Hoje li uma crónica de Manuel Vincent, publicada no “El Pais”, que me emocionou.
Ei-la aqui (com mil perdões pela tosca tradução...), como um presente para todos os Carneiros meus Irmãos:
“No centro de uma praça pública havia um saco cheio de pedras de bom tamanho. Eram peças sagradas. À sombra dos pórticos, uma centena de homens justiceiros esperava.
Em seguida chegaram uns soldados, arrastando a mulher adúltera, que foi recebida em silêncio por todos os olhares enquanto era depositada em terra com os pés atados. Um honorável magistrado leu a sentença e a sua voz uniu-se ao balido de umas cabras que, desde longe, participavam na cerimónia. A morte por lapidação para a mulher adúltera estava ordenada pelo Livro Sagrado, o qual não admitia o perdão e nem sequer a lástima. Uma vez lida a acusação, os justiceiros deveriam aproximar-se da vítima e armar o braço com uma ou várias das pedras contidas no saco. Todos o fizeram de forma séria e decidida, formando depois um círculo em volta da mulher, agora ajoelhada e imóvel.
A condenada dobrou o tronco até que os seus lábios tocaram o chão de terra batida e protegeu a cabeça com as mãos, esperando apenas a derradeira graça de ser atingida mortalmente com a primeira pedrada. A um sinal do juiz que comandava a liturgia, todos os verdugos levantaram a mão, mas nesse preciso momento, e sem que se saiba de onde vinha, ecoou a voz poderosa de um profeta: “Quem de entre vós estiver livre do pecado, que atire a primeira pedra”.
Esta ordem, que soou acompanhada por um tremendo relâmpago, paralisou os executores. Com as pedras ainda nas mãos, começaram a explorar as suas consciências. Enquanto a mulher adúltera soluçava e empapava a terra com as suas lágrimas, os justiciadores iam achando, dentro da sua própria alma, os desejos libidinosos e os actos inconfessáveis que tinham cometido e que continuavam impunes. Todos largaram a pedra no chão e se afastaram, todos menos um deles. Era um homem puro, livre do pecado, isento de qualquer culpa, o único legitimado para cumprir a sentença.

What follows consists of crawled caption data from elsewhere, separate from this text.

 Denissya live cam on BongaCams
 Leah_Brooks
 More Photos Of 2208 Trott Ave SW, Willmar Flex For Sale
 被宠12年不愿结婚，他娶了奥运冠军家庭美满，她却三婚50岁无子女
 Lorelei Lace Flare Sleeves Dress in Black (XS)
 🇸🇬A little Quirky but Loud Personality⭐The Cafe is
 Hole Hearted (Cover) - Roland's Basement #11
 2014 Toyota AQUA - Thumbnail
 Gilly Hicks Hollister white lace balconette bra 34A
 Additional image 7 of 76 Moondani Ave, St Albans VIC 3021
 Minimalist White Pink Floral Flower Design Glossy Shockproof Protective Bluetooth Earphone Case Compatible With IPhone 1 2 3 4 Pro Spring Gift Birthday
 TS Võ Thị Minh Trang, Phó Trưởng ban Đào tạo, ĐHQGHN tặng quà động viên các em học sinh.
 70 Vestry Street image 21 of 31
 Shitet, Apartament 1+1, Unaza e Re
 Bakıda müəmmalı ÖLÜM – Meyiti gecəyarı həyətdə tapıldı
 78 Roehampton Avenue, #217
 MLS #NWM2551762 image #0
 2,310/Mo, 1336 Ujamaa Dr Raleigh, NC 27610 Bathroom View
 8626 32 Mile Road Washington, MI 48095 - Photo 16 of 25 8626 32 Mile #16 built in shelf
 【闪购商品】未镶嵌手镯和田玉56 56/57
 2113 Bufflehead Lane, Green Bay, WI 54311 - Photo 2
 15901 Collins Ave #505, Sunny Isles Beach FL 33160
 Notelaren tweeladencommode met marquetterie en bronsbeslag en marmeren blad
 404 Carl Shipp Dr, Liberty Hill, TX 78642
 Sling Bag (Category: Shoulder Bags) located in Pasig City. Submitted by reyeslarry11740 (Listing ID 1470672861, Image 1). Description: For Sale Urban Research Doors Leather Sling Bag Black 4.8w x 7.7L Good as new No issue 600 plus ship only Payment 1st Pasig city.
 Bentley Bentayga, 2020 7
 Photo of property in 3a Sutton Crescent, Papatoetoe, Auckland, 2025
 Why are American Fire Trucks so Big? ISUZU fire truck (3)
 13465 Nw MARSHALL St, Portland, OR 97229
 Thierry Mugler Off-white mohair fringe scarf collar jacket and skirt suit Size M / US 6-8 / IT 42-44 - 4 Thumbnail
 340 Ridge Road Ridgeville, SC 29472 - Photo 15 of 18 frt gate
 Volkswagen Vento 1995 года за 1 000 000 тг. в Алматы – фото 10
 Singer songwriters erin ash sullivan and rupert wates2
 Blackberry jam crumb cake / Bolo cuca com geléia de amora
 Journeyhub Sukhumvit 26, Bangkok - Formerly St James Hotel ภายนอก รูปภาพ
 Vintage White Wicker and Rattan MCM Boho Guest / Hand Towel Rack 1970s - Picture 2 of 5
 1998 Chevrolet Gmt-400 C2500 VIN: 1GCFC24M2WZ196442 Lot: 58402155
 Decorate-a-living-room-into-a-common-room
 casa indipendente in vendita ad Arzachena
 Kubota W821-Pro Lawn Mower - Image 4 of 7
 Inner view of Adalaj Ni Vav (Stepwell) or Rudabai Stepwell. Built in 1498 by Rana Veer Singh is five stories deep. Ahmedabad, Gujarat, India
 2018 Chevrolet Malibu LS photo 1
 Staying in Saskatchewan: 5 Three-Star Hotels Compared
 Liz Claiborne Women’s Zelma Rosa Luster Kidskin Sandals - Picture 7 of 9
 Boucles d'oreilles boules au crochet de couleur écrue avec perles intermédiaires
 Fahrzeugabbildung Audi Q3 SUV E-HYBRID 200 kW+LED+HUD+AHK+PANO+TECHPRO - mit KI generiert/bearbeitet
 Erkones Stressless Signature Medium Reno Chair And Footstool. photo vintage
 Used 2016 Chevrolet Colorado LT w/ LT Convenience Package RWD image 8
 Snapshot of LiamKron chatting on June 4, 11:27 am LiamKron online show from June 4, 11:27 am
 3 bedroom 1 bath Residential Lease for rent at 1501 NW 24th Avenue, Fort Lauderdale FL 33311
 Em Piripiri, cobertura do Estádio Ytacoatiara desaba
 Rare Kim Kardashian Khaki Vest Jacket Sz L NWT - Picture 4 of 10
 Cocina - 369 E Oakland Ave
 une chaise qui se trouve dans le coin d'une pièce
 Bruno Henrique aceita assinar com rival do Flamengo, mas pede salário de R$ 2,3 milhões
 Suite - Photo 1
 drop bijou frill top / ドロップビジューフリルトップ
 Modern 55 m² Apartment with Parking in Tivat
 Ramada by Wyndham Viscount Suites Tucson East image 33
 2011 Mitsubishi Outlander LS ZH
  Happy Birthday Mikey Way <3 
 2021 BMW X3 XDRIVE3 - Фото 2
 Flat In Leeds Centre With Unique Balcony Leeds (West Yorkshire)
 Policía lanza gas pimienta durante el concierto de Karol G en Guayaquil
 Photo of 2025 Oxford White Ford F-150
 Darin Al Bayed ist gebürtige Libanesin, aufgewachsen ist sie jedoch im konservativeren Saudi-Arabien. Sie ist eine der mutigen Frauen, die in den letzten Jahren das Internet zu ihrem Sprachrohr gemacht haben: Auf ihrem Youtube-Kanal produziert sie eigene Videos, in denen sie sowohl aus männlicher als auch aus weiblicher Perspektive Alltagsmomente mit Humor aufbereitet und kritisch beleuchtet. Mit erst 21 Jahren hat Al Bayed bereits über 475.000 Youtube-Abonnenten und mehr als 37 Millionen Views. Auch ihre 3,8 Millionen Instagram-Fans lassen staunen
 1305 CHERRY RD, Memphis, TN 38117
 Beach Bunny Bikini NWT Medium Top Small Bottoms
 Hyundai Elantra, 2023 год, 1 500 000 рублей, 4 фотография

Quando a mulher adúltera levantou a cabeça, os pecadores haviam desaparecido. No meio da praça só permanecia aquele homem casto com o braço ainda armado. Enquanto ao longe as cabras lhe pediam clemência com os seus balidos, o homem lapidou a adúltera com gestos serenos e precisos, movido pela crueldade que nasce da pureza absoluta.”